Broadcom reported net revenue for the first quarter of 2015 was $2.06 billion. This represents a decrease of 4.0% compared with the $2.14 billion reported for the fourth quarter of 2014 and an increase of 3.7% compared with the $1.98 billion reported for the first quarter of 2014. Net income (GAAP) for the first quarter of 2015 was $209 million, or $0.34 per share (diluted), compared with GAAP net income of $390 million, or $0.64 per share (diluted), for the fourth quarter of 2014 and GAAP net income of $165 million, or $0.28 per share (diluted), for the first quarter of 2014.

"Broadcom delivered better-than-expected results in the March quarter driven by strength in the high-end smartphone and broadband access markets," said Scott McGregor, Broadcom's President and Chief Executive Officer. "Looking to the June quarter, we see operating performance continuing to strengthen on tight operating expense discipline and strong margins, consistent with our objective of driving profitable growth."

http://investor.broadcom.com/releasedetail.cfm?ReleaseID=907767

Cavium's LiquidSecurity Targets Cryto-as-a-Service

Cavium introduced its "LiquidSecurity" Hardware Security Module (HSM) Family that provides a FIPS 140-2 level 2 and 3 partitioned, centralized and elastic key management solution with the highest transaction/sec performance.

Cavium's LiquidSecurity Solution, which is available as a PCIe adapter family as well as an appliance, addresses the high performance security requirements for private key management and administration while also addressing elastic performance per virtual / network domain for the virtualized cloud environment.
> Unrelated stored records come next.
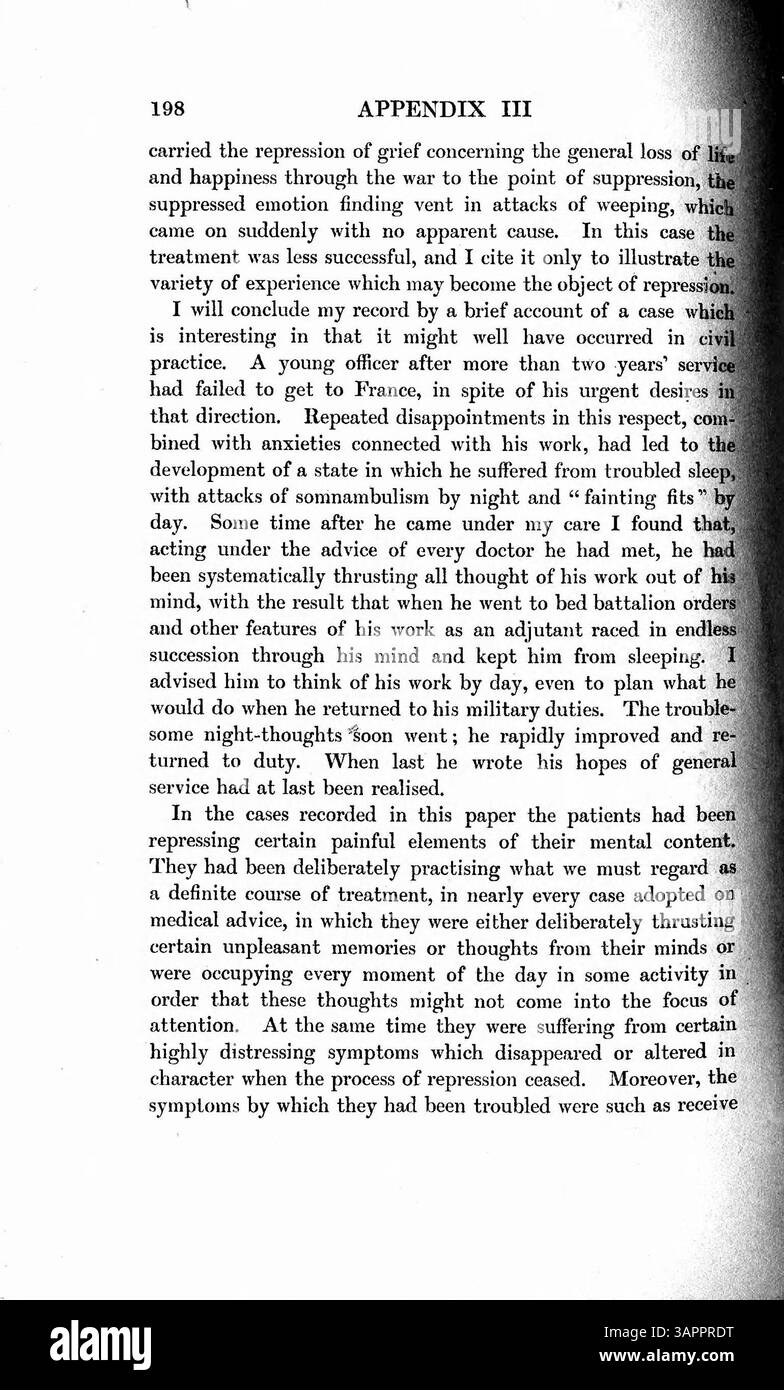 In questo studio, l'autore esamina la repressione come un meccanismo di difesa mentale che blocca l'accesso a ricordi dolorosi. L'attenzione è rivolta alle conseguenze negative della repressione nel trattamento della nevrosi di guerra. Il documento sostiene di affrontare e affrontare le memorie traumatiche come parte del processo di recupero per migliorare i risultati terapeutici e la salute emotiva. Foto Stock
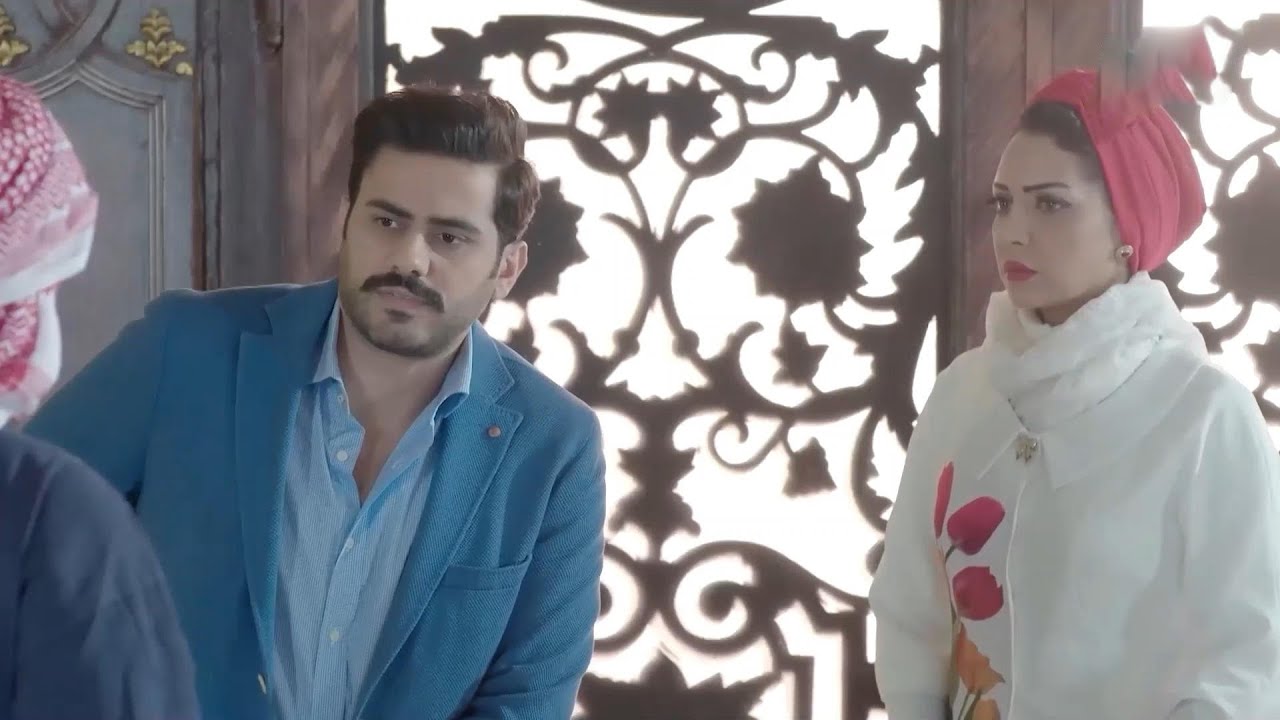 تفاجئ بغريمه موجود فبيته ف طلق زوجته ليخلص منه!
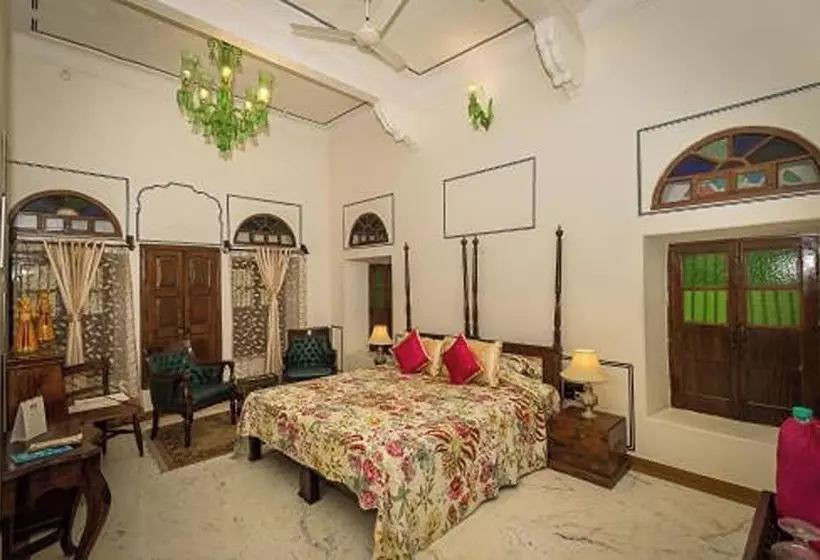 Hotelli Fort Barli   A 16th Century Castle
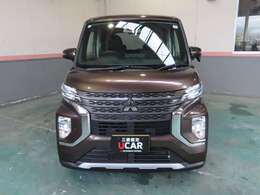 フロントカメラにより前方車輌や歩行者を検知。衝突の危険があるときは警報や衝突被害軽減ブレーキで衝突被害を軽減、または衝突を回避。安全運転をサポートします。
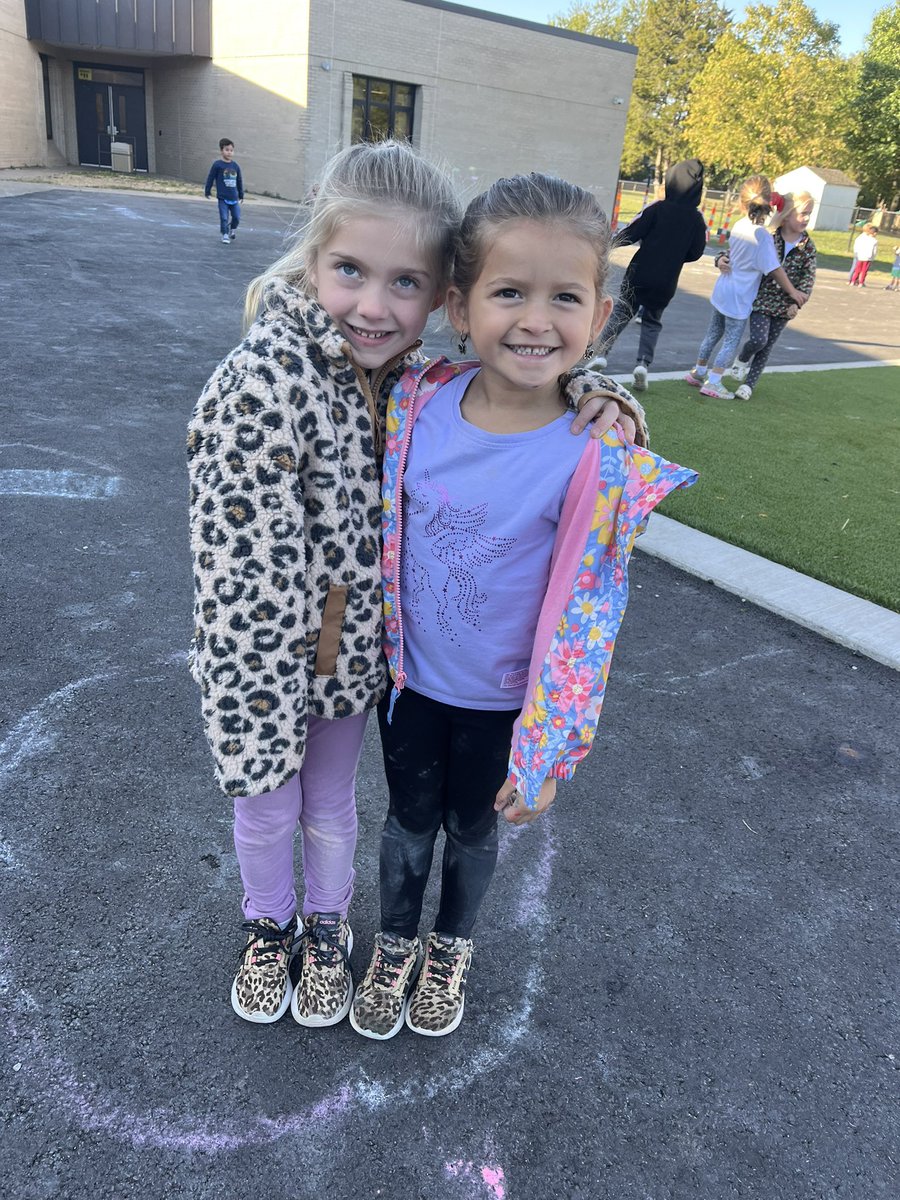 missmkford's tweet photo. Lots of unplanned “twinning” this Tuesday! https://t.co/arhCA31BfT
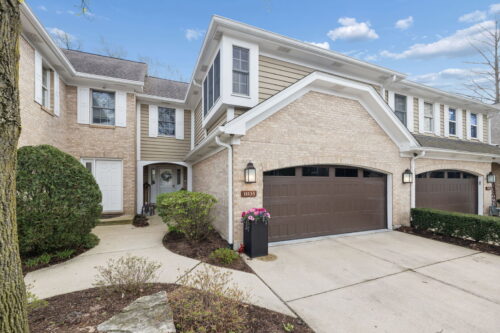 11133 Indian Woods Drive, Indian Head Park, IL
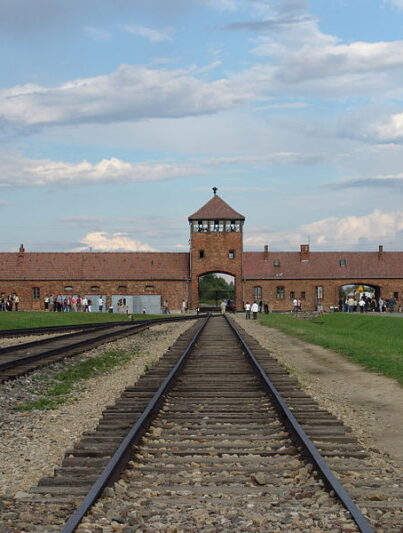 De toegangspoort van Auschwitz-Birkenau (2006)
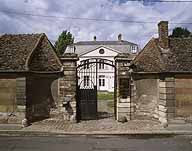 maison de campagne dite le Clos du Roy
Major applications for this product family include Key Management as-a-Service, Database as-a-Service, Crypto as-a-service, Secure DNS, SaaS Applications, Virtual Private Clouds in the Public Cloud and Payment systems.

Feature Highlights
  • SSL handshake offloads for 32 domains – LiquidSecurity family has 32 FIPS 140-2 Level 3 Partitions.  Each partition functions as an independent and fully secure HSM.  
  • Dual FIPS boundary - With the appliance version of the family a dual FIPS 140-2 boundary is also available that provides an added layer of security.
  • Storage for up to 1M keys is supported with multiple appliances in a scalable manner.
  • Tens of Thousands of 2048 bit RSA Ops/sec – LiquidSecurity HSM family provides market leading performance to meet the needs of multiple domains or virtual appliances.  This performance is at least 10 times higher than any other solution on the HSM market today.  This product family also supports 10 Gbps bulk encryption. In addition, multiple LiquidSecurity HSM modules can be pooled together to offer highest performance for mega data centers.
  • Hardware support for 2048 bit RSA key pair generation –robust key generation within the FIPS boundary is a critical component of the overall security this product family provides.
  • Scalability – For the most demanding applications up to 20 LiquidSecurity HSM appliances can be seamlessly connected through the native 10 Gigabit Ethernet ports.

http://www.cavium.com/newsevents-Cavium-Introduces-LiquidSecurity.html

Infinera Hits Q1 Revenue of $186.9 million

Infinera reported first quarter 2015 revenue of $186.9 million compared to $186.3 million in the fourth quarter of 2014 and $142.8 million in the first quarter of 2014. GAAP net income for the quarter was $12.4 million, or $0.09 per diluted share, compared to net income of $8.4 million, or $0.06 per diluted share, in the fourth quarter of 2014, and a net loss of $4.4 million, or $0.04 per share, in the first quarter of 2014.

“Our excellent first quarter performance reflects a continuation of the momentum we have built over the past few years. We continue to grow profitability as our broad customer base experiences the value of our differentiated products and superior service,” said Tom Fallon, Infinera’s Chief Executive Officer. “I believe we are in an optimal position with customers that are building the largest networks the fastest. In 2015 and beyond, we intend to continue growing our business profitably, as we expand our total available market across optical transport.”